Ovviamente all’interno del paese non
ci si può spostare da soli. Bisogna essere sempre accompagnati da una “guida”,
cioè un funzionario del governo, che vi accompagna (e vi sorveglia) lungo
itinerari prestabiliti. Scattare foto al
di fuori dei siti turistici o durante gli spostamenti dall’autobus è proibito,
e all’uscita del paese anche le macchine fotografiche vengono controllate.
Pyongyang, la capitale, è la città
vetrina, nonché riservata alla nomenklatura. Ha ragione in questo senso Salvini
a dire che il senso della comunità è molto forte.
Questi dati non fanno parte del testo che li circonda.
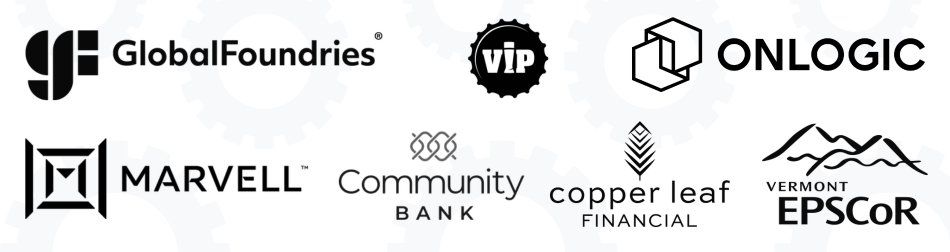 Rosie's Girls TECH sponsors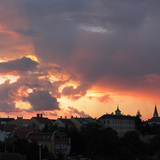 Нар жаргах үеийн Тиндалл эффект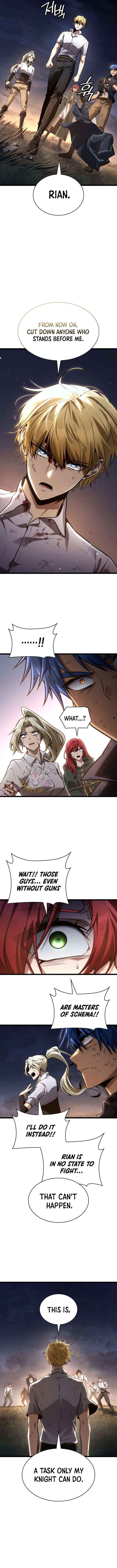 Read Infinite Mage en Manga Online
Non se ne sarà reso conto, ma
stava visitando una specie di grande caserma. La Corea del Nord è infatti un’oligarchia
militare. A fronte di condizioni di vita assimilabili ai più poveri paesi
africani, ha uno degli eserciti più grandi al mondo e, in rapporto al numero di
abitanti, di gran lunga il più grande.
Ben diverso è il resto del paese. La
città di Kaesong, per esempio, poco distante il confine con la Corea del Sud, una città di più di duecentomila abitanti, offre al visitatore un paesaggio lunare. Palazzoni
in stile sovietico in rovina, come se avessero subito dei bombardamenti.
Vialoni grandi e deserti. Gigantografie del Grande Leader e del Caro Leader ovunque. Ogni tanto un autobus sgangherato o qualche
fuoristrada nuovissimo guidato da militari. E nient’altro. Né biciclette né persone.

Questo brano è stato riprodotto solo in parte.